The Government of National Accord (GNA) led by prime minister-designate Fayez Al Sarraj is struggling to assert its authority in the North African nation, which has been riven by turmoil since the 2011 overthrow of dictator Muammar Gaddafi.

National support for the GNA is seen as crucial to restoring stability and to tackling the Libyan branch of Daesh, which pro-GNA forces are battling in the jihadists’ coastal stronghold of Sirte.

But at a session on Monday, the House of Representatives, Libya’s recognised legislature based in the far east, refused to give its support to the GNA.

“The majority of lawmakers present at the parliament session voted no confidence in the government,” said Adam Boussakhra, parliament’s spokesman.

Parliament speaker Aguila Saleh as well as 101 lawmakers attended Monday’s vote, the House of Representatives said on its website.

Sixty-one parliamentarians rejected the GNA, it said, 39 abstained from voting and a lone parliamentarian voted confidence in the government.

The unity government was the result of a UN-brokered power-sharing deal struck in December, but has struggled to unite the divided North African country and fully assert its authority.

A rival government in the country’s east has refused to cede power until the House of Representatives passes a vote of confidence, which has been repeatedly delayed including over a lack of quorum.

Monday’s vote was “the first time quorum has been reached in five months,” Boussakhra said.

After a previous vote was postponed due a lack of quorum in February, 100 lawmakers in the 198-member legislature said they supported the GNA but had faced intimidation.

Mattia Toaldo, a Libya expert with the European Council on Foreign Relations, warned that Monday’s vote could lead to “a new institutional crisis” in the war-wracked country and called for “immediate international mediation”.

“We will have to see if Sarraj and the members of the (House of Representatives) who support him will accept the legitimacy of the vote,” he said.

The GNA last month moved into its official Tripoli offices, more than 100 days after starting to work from a naval base in the capital.

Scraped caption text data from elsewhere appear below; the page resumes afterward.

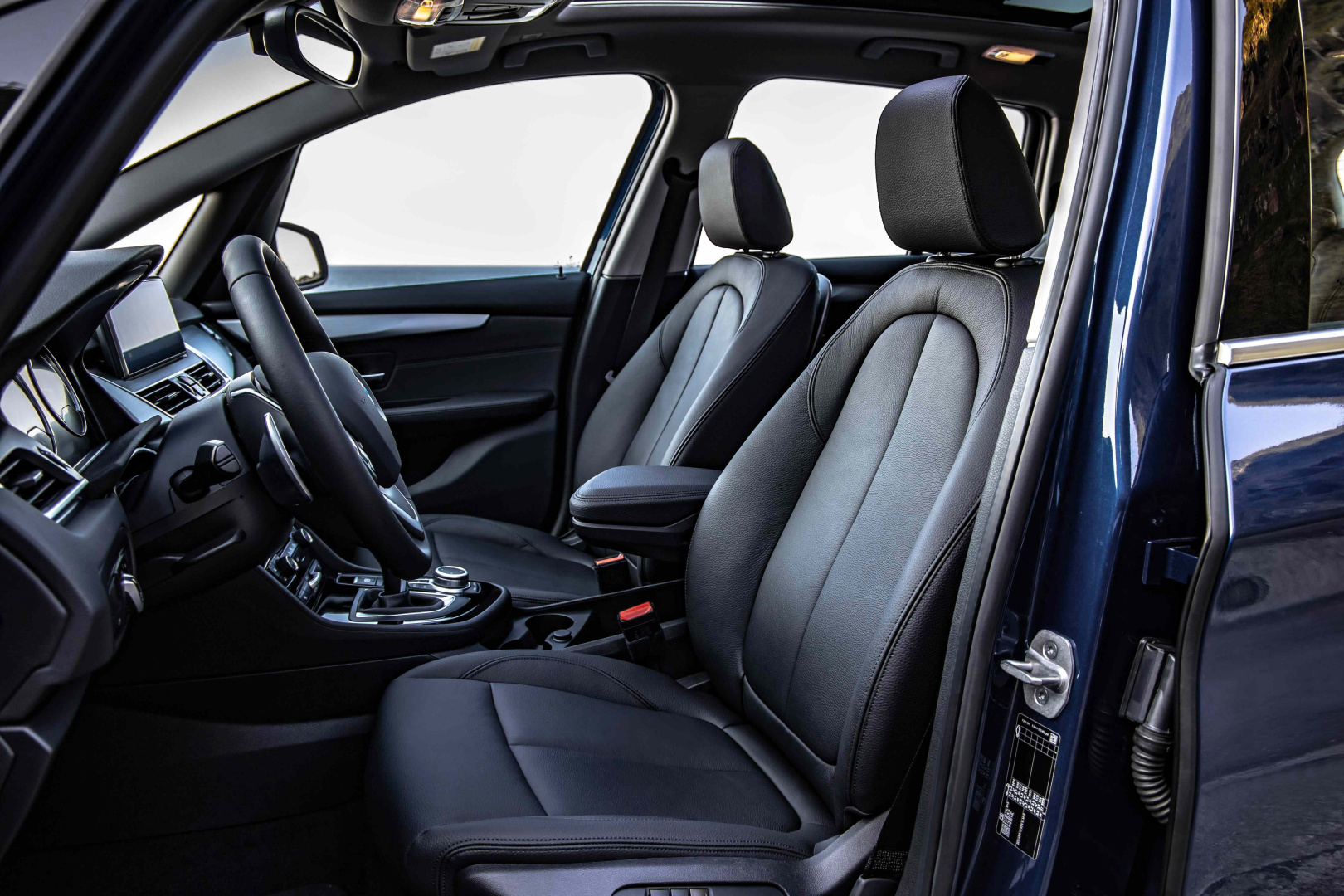 SMALL_[新聞照片二] 全新BMW 2系列Gran Tourer Deluxe Edition豪華版升級Dakota真皮內裝與雙前座電動腰靠，提供全家人加倍豪華的乘坐體驗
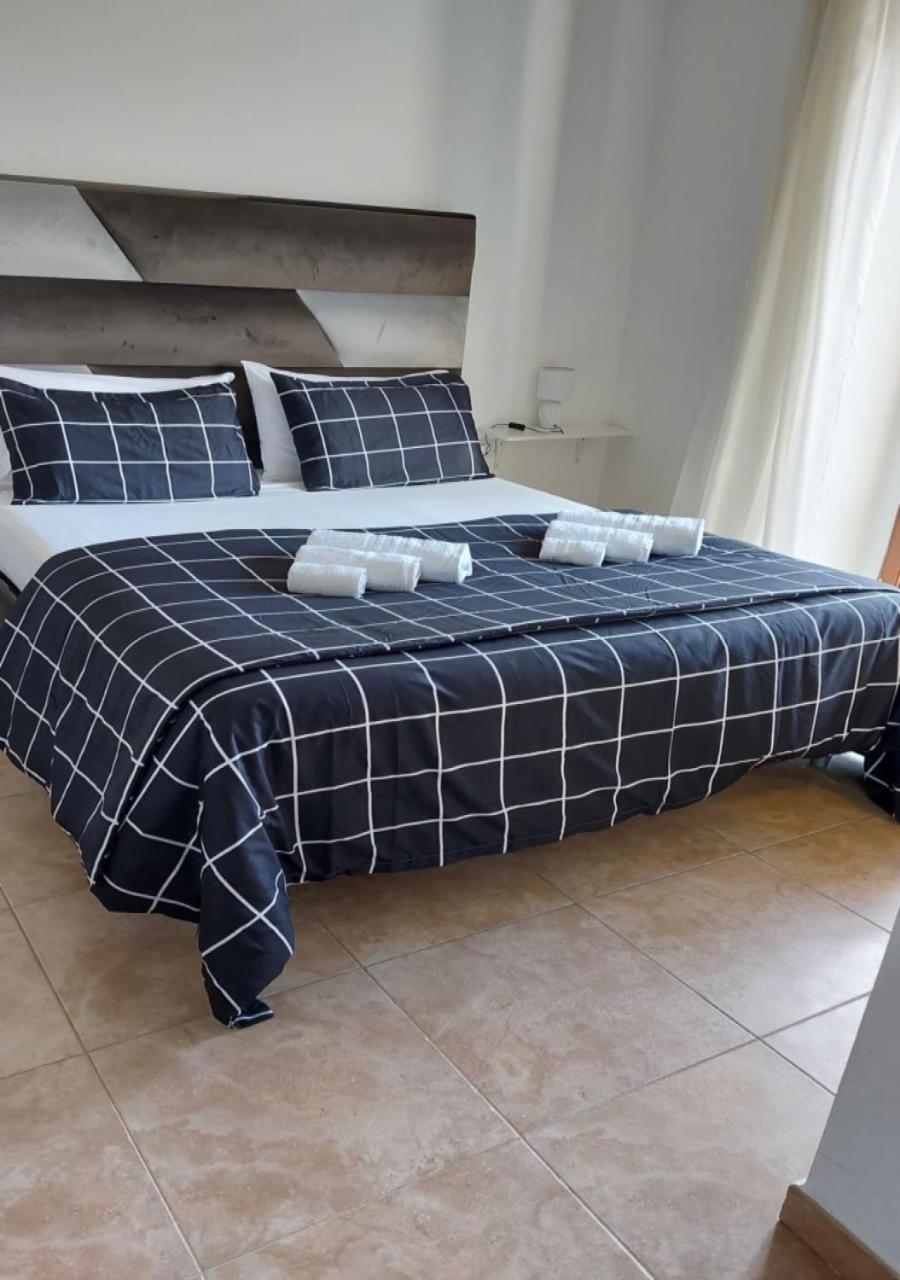 Miris Home Fast And Comfortable With Self Check In 8 Minutes Walk Near Naples Airport Екстер'єр фото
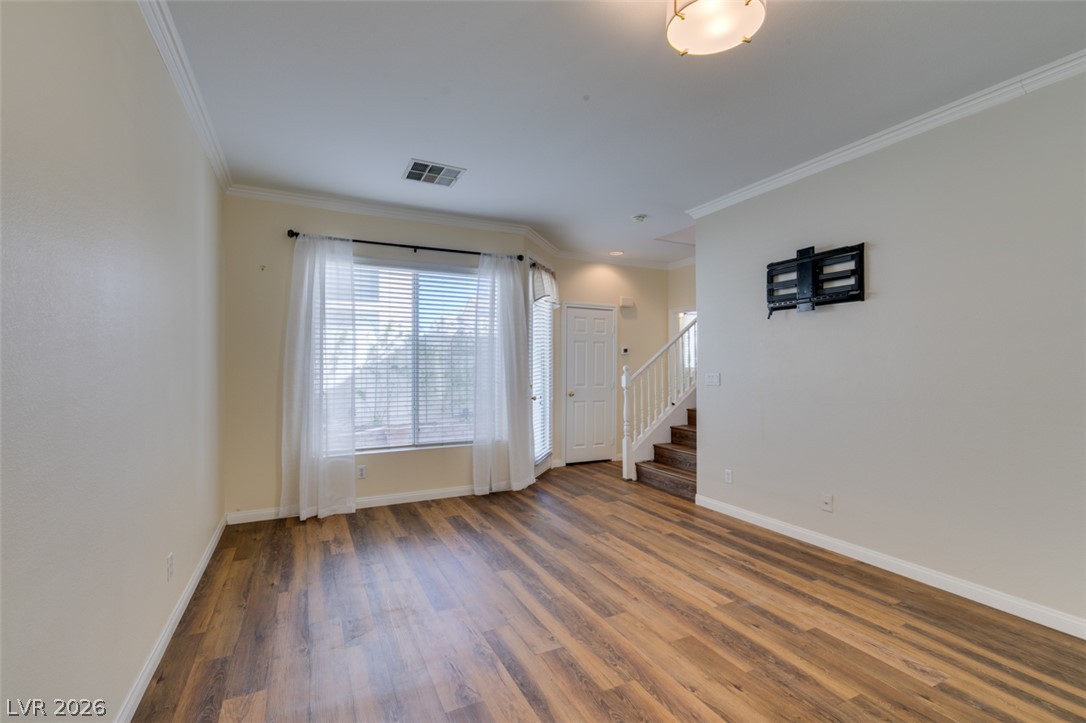 1592 Evening Spirit Avenue Property Photo 9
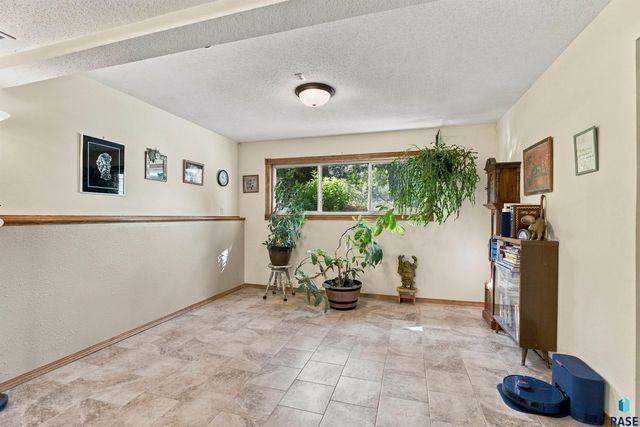 606 Chestnut St Street, Harrisburg, SD 57032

Since the prime minister-designate arrived in Tripoli on March 30, the GNA has won the loyalty of the central bank and national oil corporation - depositors of the country’s wealth - as well as cities and armed groups in western Libya.

And Sarraj’s government has managed to gather forces who since May 12 have been battling to kick Daesh out of Sirte east of the capital.

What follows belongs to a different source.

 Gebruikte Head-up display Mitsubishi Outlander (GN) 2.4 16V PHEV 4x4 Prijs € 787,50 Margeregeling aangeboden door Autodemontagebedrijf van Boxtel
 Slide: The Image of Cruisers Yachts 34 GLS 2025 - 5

Pro-GNA fighters, backed by US air strikes, have recaptured more ground from terrorists holed up in the centre of Sirte in recent days.

The terrorists seized control of Sirte, Gaddafi’s hometown, in June 2015, raising fears they would use the city as a springboard for attacks across the Mediterranean in Europe.

Libya descended into chaos after the 2011 revolution that toppled and killed Gaddafi, with rival authorities vying for control of the country.

The House of Representatives has been based in the eastern city of Tobruk since a militia alliance including Islamists seized the capital in mid-2014.

More than 2.4 million people in Libya are in need of humanitarian assistance, the UN said on Friday.